_TASK TO CARRY OUT_: Transcribe nothing but the lines from the one with "U-Penn Skeletal Expander: Appliance Design" to the end of the entries, both included, keeping each exact and leaving every picture out.

(Pictures with short captions)
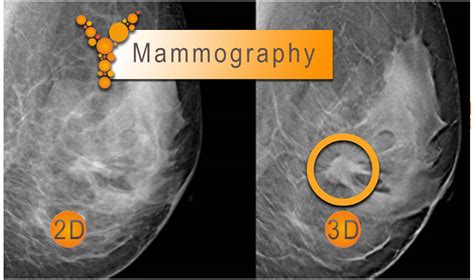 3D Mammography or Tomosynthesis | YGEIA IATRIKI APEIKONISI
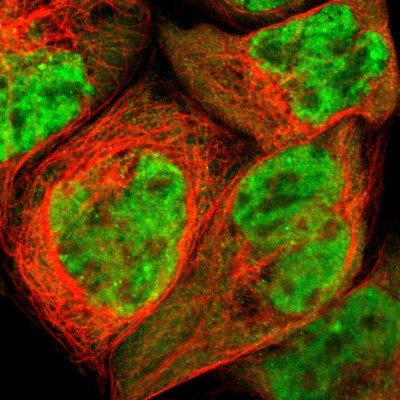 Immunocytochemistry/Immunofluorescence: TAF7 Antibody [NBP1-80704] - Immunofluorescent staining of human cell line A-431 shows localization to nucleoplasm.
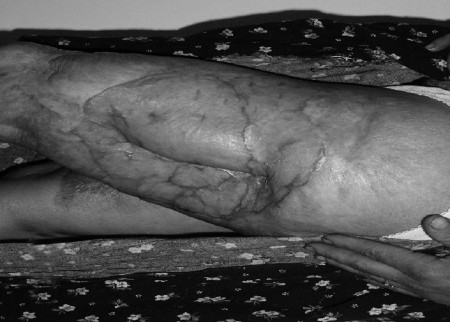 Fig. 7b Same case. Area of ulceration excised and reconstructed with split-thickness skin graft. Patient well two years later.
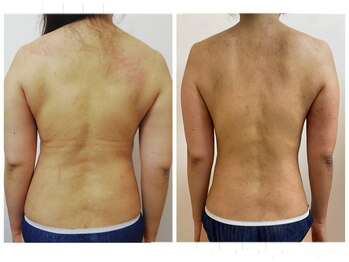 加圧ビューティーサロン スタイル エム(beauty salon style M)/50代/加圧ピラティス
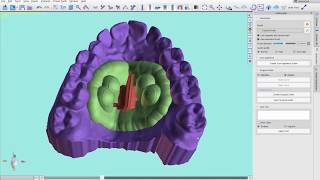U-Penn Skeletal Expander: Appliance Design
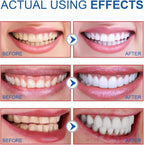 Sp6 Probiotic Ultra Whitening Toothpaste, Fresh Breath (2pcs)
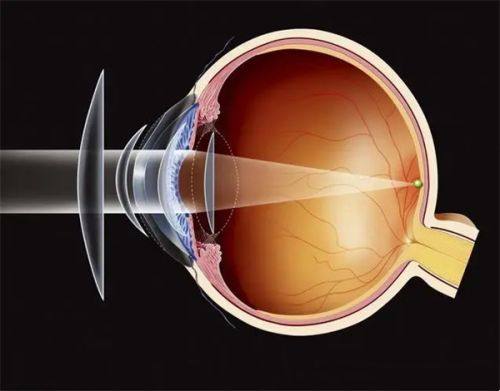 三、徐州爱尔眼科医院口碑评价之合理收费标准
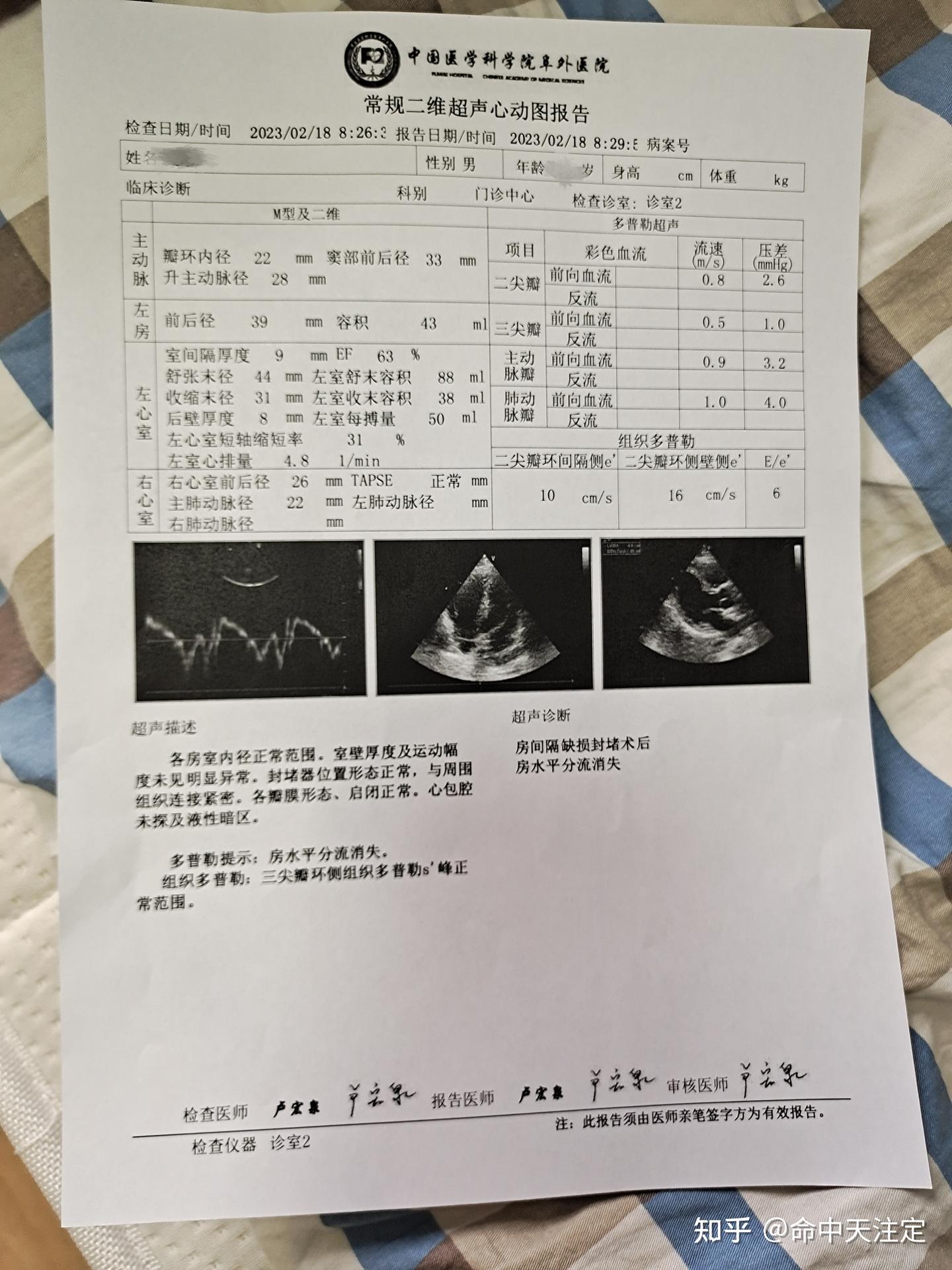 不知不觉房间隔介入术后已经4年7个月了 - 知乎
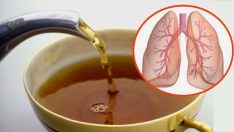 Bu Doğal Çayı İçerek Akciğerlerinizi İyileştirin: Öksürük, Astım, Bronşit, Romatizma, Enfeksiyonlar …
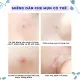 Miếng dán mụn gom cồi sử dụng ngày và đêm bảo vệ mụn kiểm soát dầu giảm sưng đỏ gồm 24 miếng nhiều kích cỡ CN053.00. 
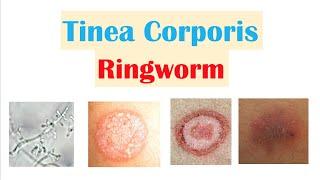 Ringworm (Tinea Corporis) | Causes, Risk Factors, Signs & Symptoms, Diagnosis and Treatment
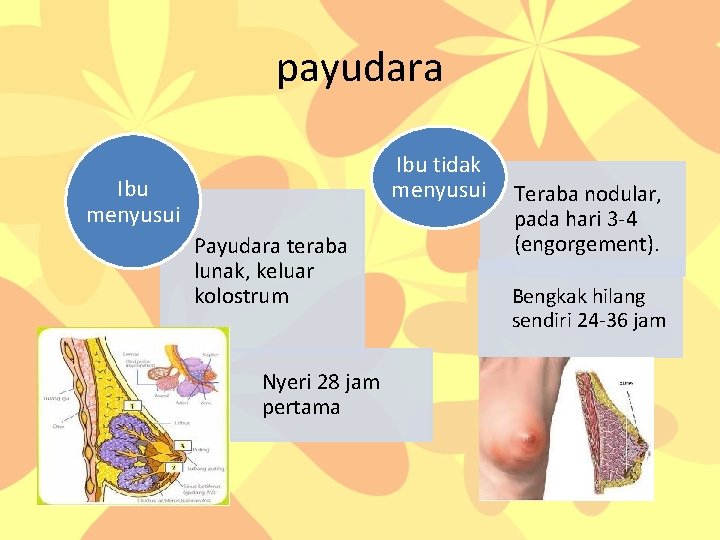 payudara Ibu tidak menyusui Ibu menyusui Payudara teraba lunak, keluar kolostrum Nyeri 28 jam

_OUTPUT OF THE TASK_:
U-Penn Skeletal Expander: Appliance Design
 Sp6 Probiotic Ultra Whitening Toothpaste, Fresh Breath (2pcs)
 三、徐州爱尔眼科医院口碑评价之合理收费标准
 不知不觉房间隔介入术后已经4年7个月了 - 知乎
 Bu Doğal Çayı İçerek Akciğerlerinizi İyileştirin: Öksürük, Astım, Bronşit, Romatizma, Enfeksiyonlar …
 Miếng dán mụn gom cồi sử dụng ngày và đêm bảo vệ mụn kiểm soát dầu giảm sưng đỏ gồm 24 miếng nhiều kích cỡ CN053.00. 
 Ringworm (Tinea Corporis) | Causes, Risk Factors, Signs & Symptoms, Diagnosis and Treatment
 payudara Ibu tidak menyusui Ibu menyusui Payudara teraba lunak, keluar kolostrum Nyeri 28 jam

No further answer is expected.